Ника проснулась внезапно. В часовне стояла кромешная темень. Все свечи погасли. Выходит, что наступило утро? Но лунный свет, светивший в оконце говорил, что был еще глухой ночной час. Что же ее разбудило? Шорох. Точно, то был шорох. Наверно это мыши. Нужно бы встать и зажечь свечи, но Нике было лень. «Страшна освещенная церковь ночью, с мертвым телом и без души людей» Откуда это? Кажется Гоголь. Подумав еще немого, Ника собралась было повернуться на другой бок, как снова услышала шорох, а затем неясное бормотание. Она замерла. Снова шорох и уже яснее, кто-то прошептал «дран». Внутри у нее все застыло ледяным комом, Ника боялась пошевельнуться. Это ей показалось… конечно же показалось… «дран»: послышалось уже ближе. «Кажется, у меня будет инфаркт…» Ника не желала осознавать то, что сейчас происходило. Это должно было пройти само собой, как дурной сон, потому что это было неправильно, не реально. Бормотание и шорох приближались. Что-то стукнуло. Ника зажмурилась, перенастраивая зрение, осторожно повернула голову к гробу и в тот же миг поняла, что значит «волосы встали дыбом».
Гроб был разорен. Шаря руками перед собой, с неподвижными широко раскрытыми глазами к ней, пошатываясь и спотыкаясь, брело тело Режины. У Ники засосало под ложечкой и ее тут же замутило. Покойница налетела на черту, нарисованного углем на полу круга, ударившись о него, будто о стену и зашипела. Неровная линия круга вспыхнула зеленоватым всполохом, чуть не ослепив Нику с ее чувствительным дровским зрением.
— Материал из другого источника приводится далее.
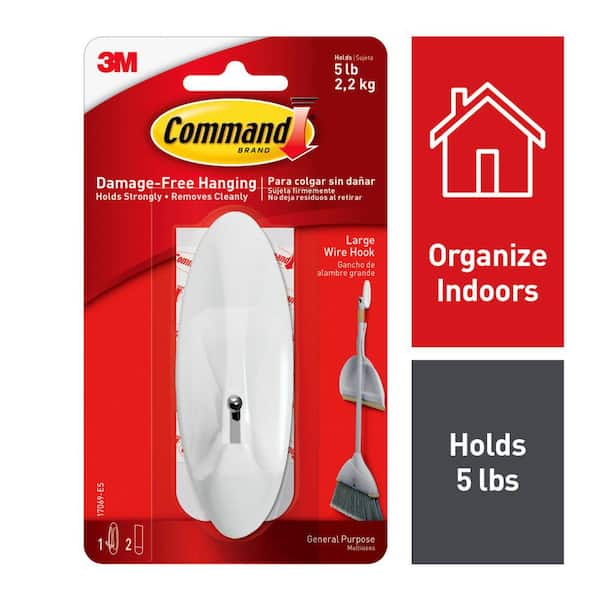 Command 5 lb. Large White Wire Hook (1 Hook, 2 Strips)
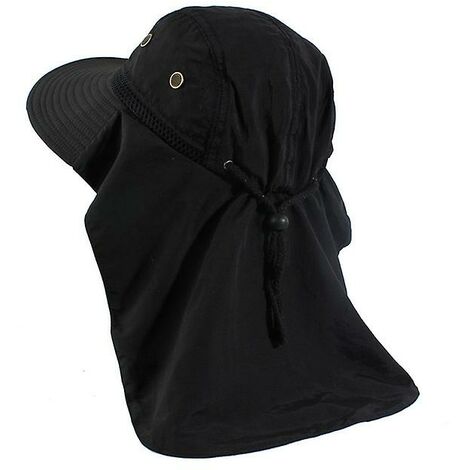 Automne Soleil Chapeau Hommes Femmes Seau Chapeau Avec Rabat De Cou Protection Uv Extérieure Grand Large Bord Randonnée Pêche Maille Respirant Cap - Noir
Только теперь она поняла, какого сваляла дурака, покинув свое место у пюпитра, что стоял в центре этого самого круга. Теперь ей не подойти к нему: Режина, в своем белом погребальном одеянии, маячила между ним и лавкой на которой неподвижно вытянулась Ника. «дран… дран… дран», монотонно бормотала, приближающаяся к ней покойница. Ника заставила себя стряхнуть оцепенение. Ее ум, пребывавший в каком-то отупении, не желавший анализировать страшную действительность, защищая от нее сознание, вдруг лихорадочно заработал. «Что ей надо? — соображала она, глядя на приблизившиеся к ней останки Режины. — Чего она хочет? Надо-то чего?». Может, демон не отпускает ее душу, которую Режина заложила ему за ответ на вопрос, который хотела получить Ника. Или ее мучает и не отпускает дар, дар ведьмы, который ей необходимо, кому-то передать, чтобы ее душа освободилась. Но только не ей, не Нике. Она пошевелилась на лавке, поднялась и села, зажмурив глаза — ведьма тут же придвинулась к ней. Ее холодные твердые пальцы коснулись лица Ники, прошлись по нему. «Мамочка» — Ника затаила дыхание.